ABOUT THIS EXERCISE — Line by line, repeat the material below exactly and leave the images out.

INFORMATION SHOWN —
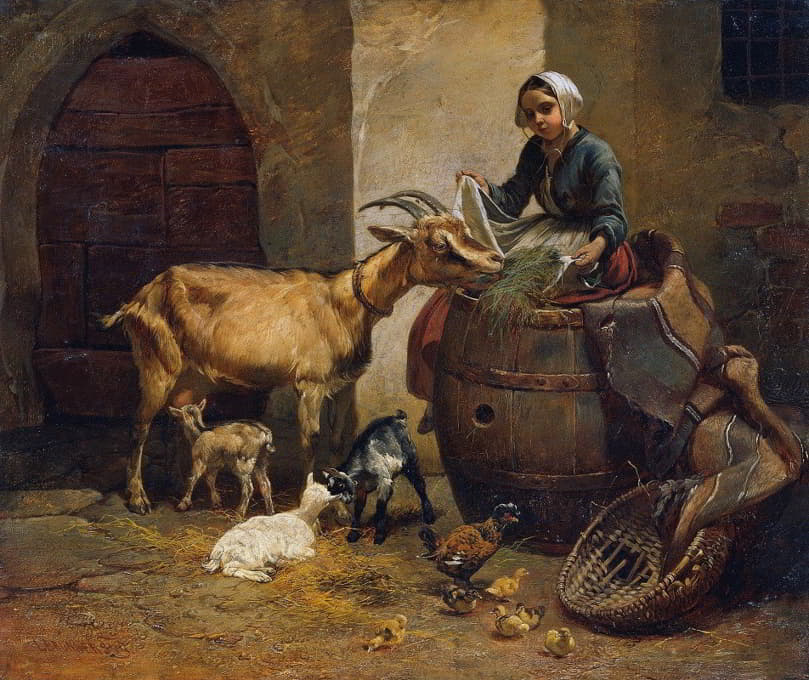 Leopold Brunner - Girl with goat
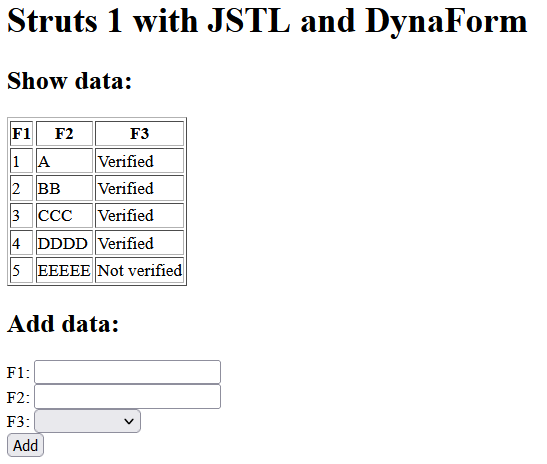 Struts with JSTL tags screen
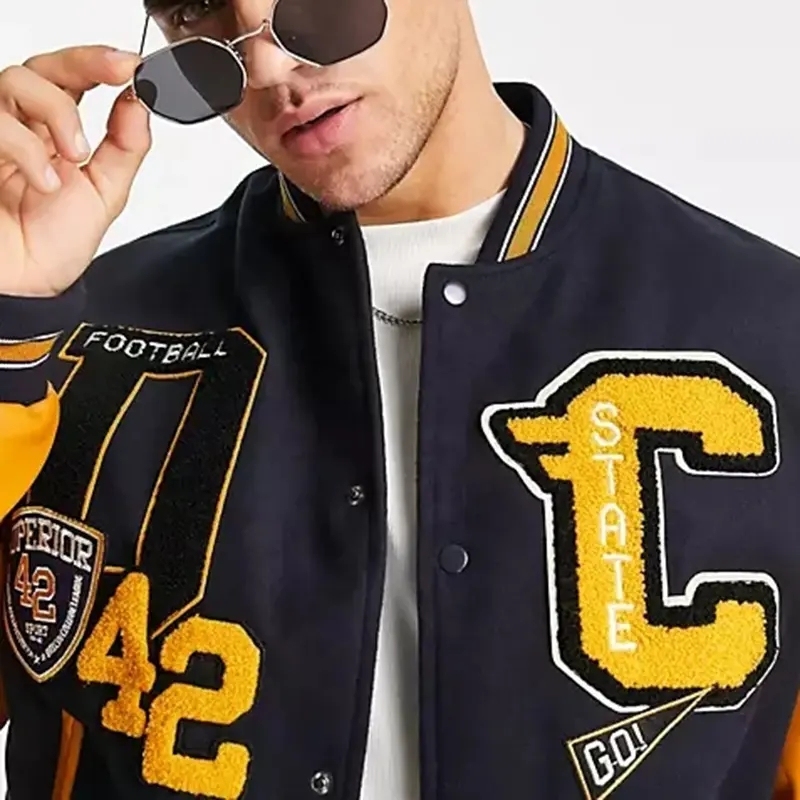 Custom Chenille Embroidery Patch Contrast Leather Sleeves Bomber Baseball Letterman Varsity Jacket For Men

OUTPUT OF THE TASK —
 Leopold Brunner - Girl with goat
 Struts with JSTL tags screen
 Custom Chenille Embroidery Patch Contrast Leather Sleeves Bomber Baseball Letterman Varsity Jacket For Men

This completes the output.